De cualquier modo, la situación había mejorado mucho; había
empezado el curso en la universidad y no podía atenderle por las mañanas, como
hizo durante el verano, de manera que su madre y sus tíos habían contratado a una
chica, recién graduada en enfermería, para que fuera unas horas y el hombre
estuviera bien atendido. Maruja hizo memoria, era una muchacha simpática,
Marta, se llamaba, y trataba muy bien al abuelo, cosa que el hombre en su sufrimiento,
agradecía sonriendo con los ojos. La medicina de las siete de la tarde era
responsabilidad suya y tampoco suponía demasiado esfuerzo, lo hacía con gusto.

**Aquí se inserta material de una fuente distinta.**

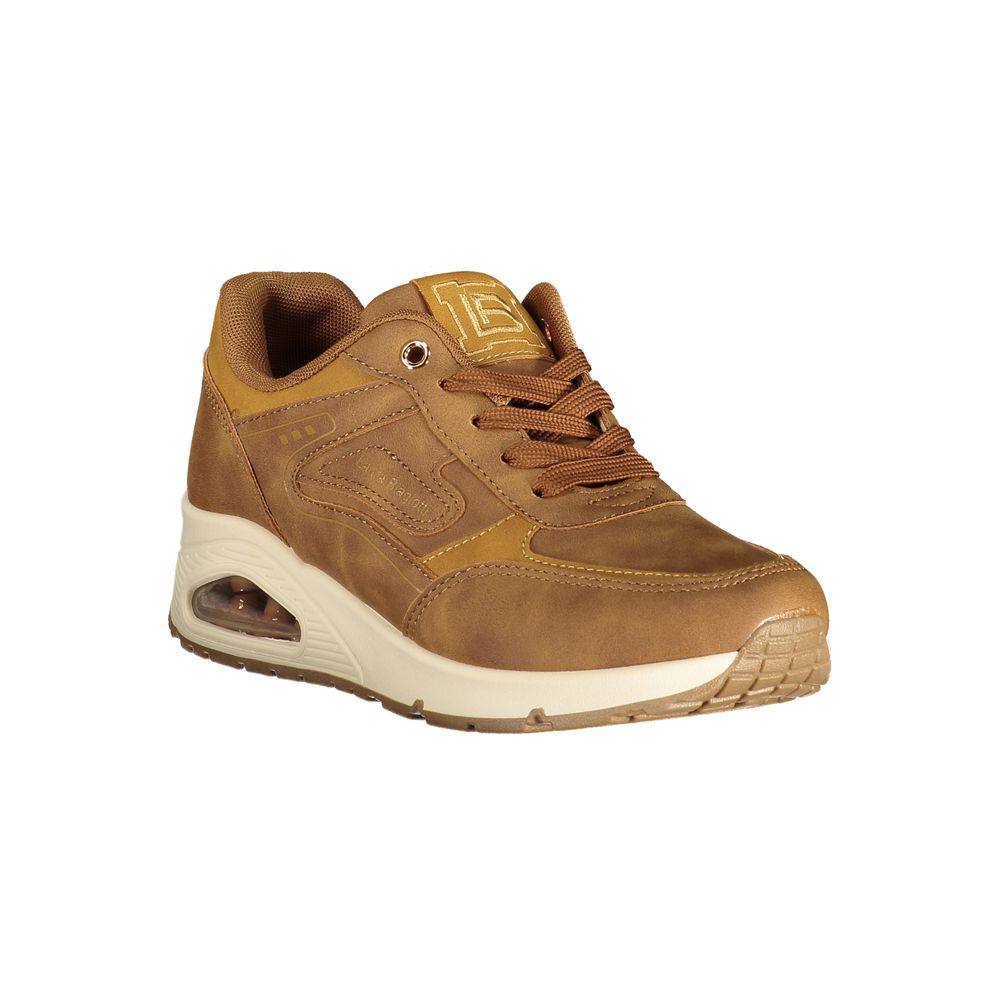 Brown Polyurethane Women's Sneaker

Iban pasando los días y, cada uno al entrar en la casa del
abuelo, la sensación extraña que le trasmitía la foto iba a más; hasta que una vez, cuando ya las tardes son más cortas, encendió la luz. ¡En la foto que creía amarillenta por los
años había colores, tímidos, medio desvaídos, levemente sugeridos en algunos
puntos pero estaban ahí. Destacaba el color verde intenso que, decían, habían
tenido de joven los ojos del abuelo, sí, fue un hombre muy atractivo.
Maruja se fue acostumbrando a encontrar cada día un nuevo
matiz cromático en la foto que, bien entrado el invierno, había perdido todo
vestigio sepia y lucía espléndida, trasmitiendo el vigor juvenil del abuelo en
sus años mozos. En la familia estaban
muy extrañados y llamaron a un fotógrafo para que estudiara el fenómeno. No le
encontró explicación. Llamaron a un
experto en ciencias ocultas. No le encontró explicación. Llamaron al párroco, por si acaso era un
milagro. No le encontró explicación
pero se quiso llevar la foto, a lo que la familia se negó en redondo. Nadie sabía por qué pero la fotografía lucía
cada día más esplendorosa.
A mediados de marzo, justo antes de la llegada de la
primavera, Marta comunicó a la familia que se había salido trabajo en una
residencia y que lo dejaba, habían sido unos meses muy agradables y había
aprendido mucho pero, tal y como estaban las cosas, no se podía despreciar un
trabajo y menos cuando se tiene necesidad de engordar el currículo.
Tres días después de la marcha de Marta, la fotografía
volvió a recuperar su pátina amarillenta quedando, incluso, más ajada que antes
de su colorista mejoría. ¿Y ahora, qué ha pasado? Preguntaron todos con
auténtica extrañeza. –Nada-, respondió
Maruja con un punto de dulzura –el abuelo, que se había enamorado...-.